The adding amount of titanium dioxide in the production process is larger than that in the production process of semi-dull PET, the solvent for preparing the titanium dioxide is fresh glycol, the titanium dioxide is added in a second esterification kettle, and excessive glycol is extracted from a process tower. Because the ethylene glycol is continuously recycled in a production system, various impurities are mixed in each section, especially titanium dioxide impurities are continuously increased, and the prepared slurry is unstable and affects the esterification reaction, so that the quality of polyester products is directly affected. The invention aims to ensure the pure and stable purpose of the recovered glycol for preparing slurry by adding a filtering system again so as to obtain an effective method for removing titanium dioxide in the circulating EG.
Disclosure of Invention
The technical problem solved by the invention is to provide a method for removing titanium dioxide of circulating EG in polyester production.

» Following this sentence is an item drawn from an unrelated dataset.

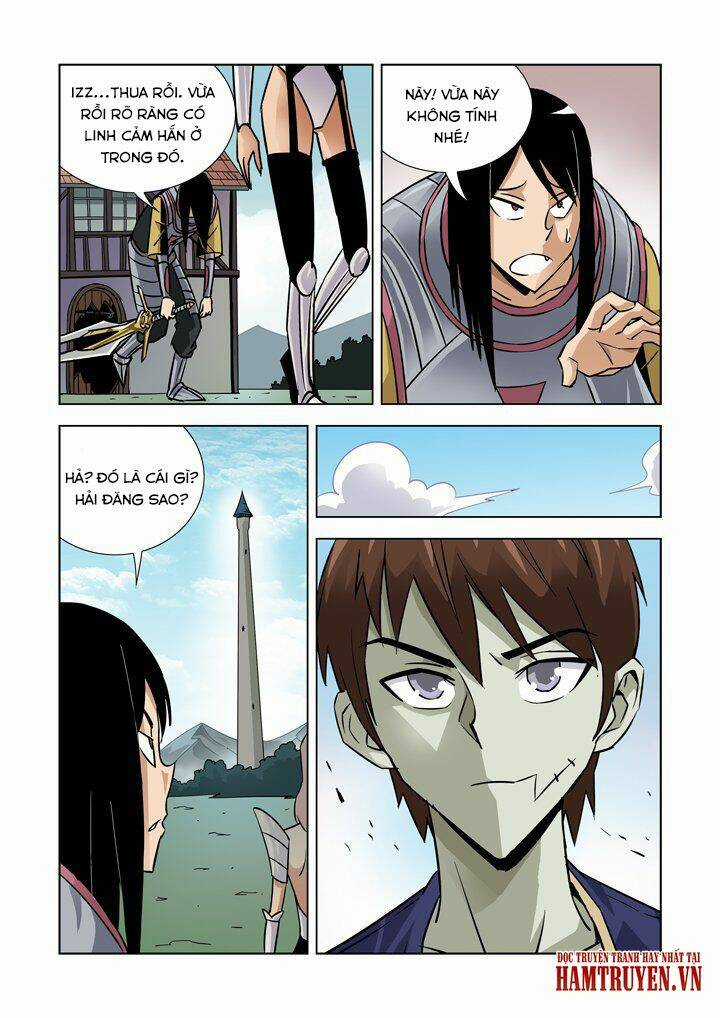 Zombie Knight - Chapter 18 - Trang 12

In view of this, the present invention provides a process for the removal of titania from recycled EG in the production of polyester, comprising the steps of:
1) Adding a titanium dioxide solution into a second esterification kettle for producing full-dull polyester PET, generating glycol mixed steam under the conditions that the esterification temperature is 258+/-2 ℃ and the liquid level of the esterification kettle is 70+/-2% and the esterification pressure is normal pressure in the esterification process, and spraying the glycol mixed steam at 25+/-1 ℃ to obtain a recovered EG solution; wherein the recovered EG solution comprises ethylene glycol, and titanium dioxide impurities;
2) Filtering the recovered EG solution in a ceramic membrane, allowing the recovered EG solution to flow in a membrane tube at a high speed as raw material liquid under the conditions of a filtering pressure of 0.2Mpa and a filtering temperature of 23+/-1 ℃, allowing clear permeate liquid containing small molecular components to permeate the membrane outwards along a direction perpendicular to the clear permeate liquid under the driving of pressure, and trapping turbid concentrate containing large molecular components by the membrane, so that the fluid achieves the purposes of separation, concentration and purification, the recycled EG solution is obtained to a clear liquid tank, and water insoluble matters such as titanium dioxide impurities are trapped to form concentrate to a circulating tank;
3) The 40% -50% circulating EG solution in the clear solution tank is returned to the first esterification kettle for esterification reaction; the remaining solution was sent to a recycle EG collection tank and mixed with external pure make-up ethylene glycol for slurry preparation.
Further, in the step (1), the solvent for preparing the titanium dioxide solution is fresh ethylene glycol EG, the concentration of the titanium dioxide solution is 25-35wt%, and the adding amount of the titanium dioxide solution is controlled according to the titanium dioxide content of 3.0% +/-0.02% in the polyester chip.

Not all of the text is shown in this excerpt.